Les décrets d’application tardent. La signature des contrats traîne jusqu’en 1989. L’État ne respecte pas ses engagements financiers. Vingt ans après encore, en janvier 2004, le financement n’est toujours pas à la hauteur de ce que le législateur avait prévu. Le texte d’un accord est proposé le 6 avril 2004. Il chiffre l’écart entre le financement tel qu’il devrait être, en application de la loi, et ce qu’il est dans la réalité et fixe une méthode de calcul transparente d’actualisation.  

Ainsi, il a fallu quasiment soixante-dix ans pour que l’État trouve et fasse une place aux Maisons familiales rurales au sein du système éducatif français. Elles restent les seules aujourd’hui à pouvoir proposer, dans le cadre de l’enseignement agricole – car l’Éducation nationale n’a pas de dispositif comparable – des parcours de formation scolaire par alternance. Il s’agit d’une exception qui concerne 51 000 élèves sur les 12 millions scolarisés en France.  

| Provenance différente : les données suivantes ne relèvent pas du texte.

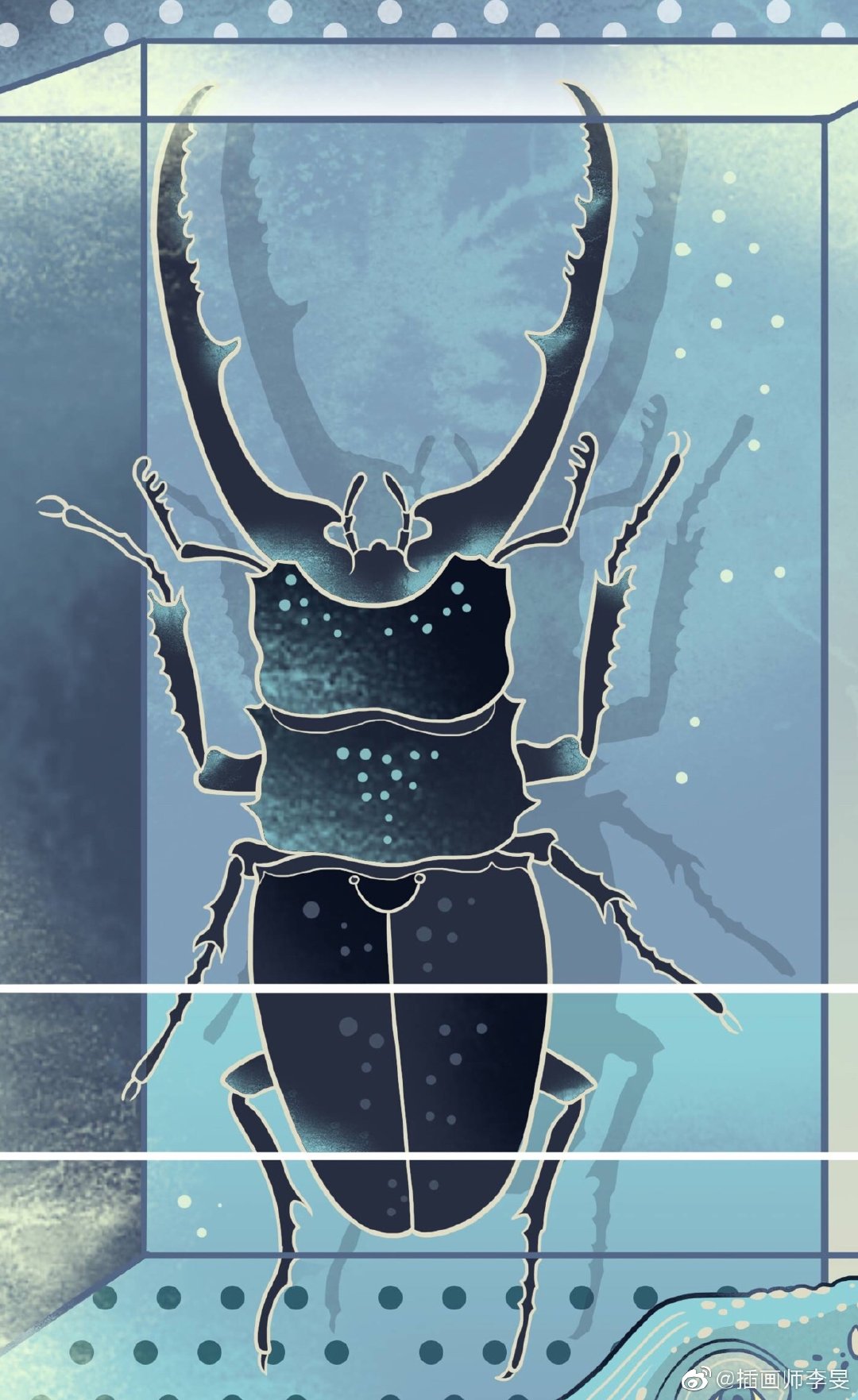 黑暗与光明的对比插画设计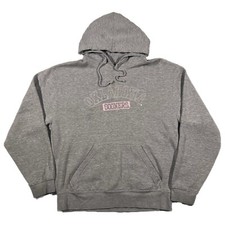 Oklahoma Sooners Y2K J America Graphic Embroidered Hoodie Gray Pink Medium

Histoire de la formation alternée sous statut scolaire, Patrick GUES, 2009


 [1] Syndicat de l’enseignement technique et professionnel, et des personnels d’éducation, action, autonome.  

[2] Roger Fauroux, Pour l’école, Calmann-Lévy, juin 1996, page 24.  

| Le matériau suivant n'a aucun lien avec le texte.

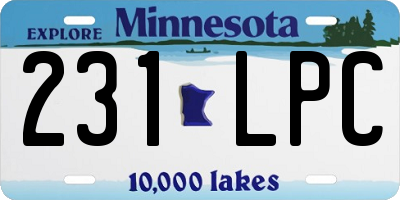 MN license plate 231LPC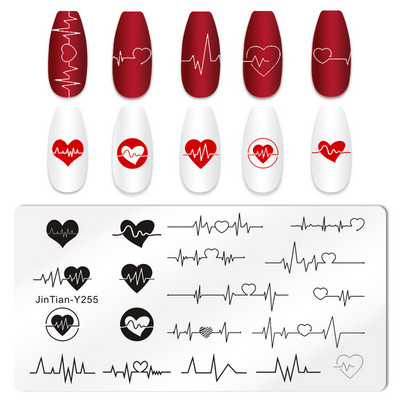 Love Heart Tanjurići za utiskivanje noktiju Crtana mašna Slika za vjenčanje Noć vještica Dizajnerski tanjurići za utiskivanje noktiju Valentinovo Božićni predlošci za poliranje
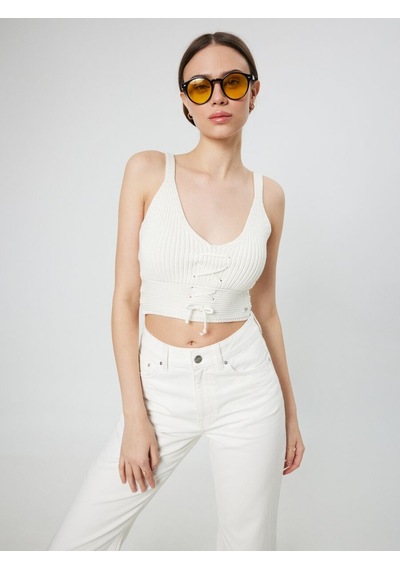 LOFT Crop Kadın Atlet Lf2032012 Q1.v1 Ekru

[3] Jean-Marie Berthoin (1893-1977) : homme politique français, préfet, ministre de l’Éducation nationale.  

[4] Jacques Chirac : né en 1932, homme politique français, a été de nombreuses fois ministre puis Premier ministre de 1974 à 1976 et de 1986 à 1988. Président de la République de 1995 à 2007.  

[5] SNETAP : Syndicat national de l’enseignement technique agricole public.  

[6] Cité par Daniel Chartier dans Enseignement agricole et formation des ruraux, bulletin de la DGER, septembre 1985, tome II, page 69.  

[7] Henri Nallet : né en 1939, est chargé de mission à la Fédération nationale des syndicats d’exploitants agricoles de 1966 à 1970. Il est nommé ministre de l’Agriculture de 1988 à 1990, avant d’être ministre de la Justice de 1990 à 1992.  

[8] Michel Gervais : directeur de l’enseignement et de la recherche au ministère de l’Agriculture dans les années 1980. Auteur de l’Histoire de la France rurale.  

[9] Guy Carcassonne : né en 1951, professeur de droit constitutionnel, conseiller juridique à l’Agriculture puis membre du cabinet de Michel Rocard lorsque celui-ci fut Premier ministre.  

[10] Albert Vecten : né en 1926, agriculteur, sénateur de la Marne de 1983 à 2001.  

[11] Paul Jargo : 1925-2003, sénateur de 1974 à 1983.  

[12] Article 5 de la loi du 31 décembre 1984.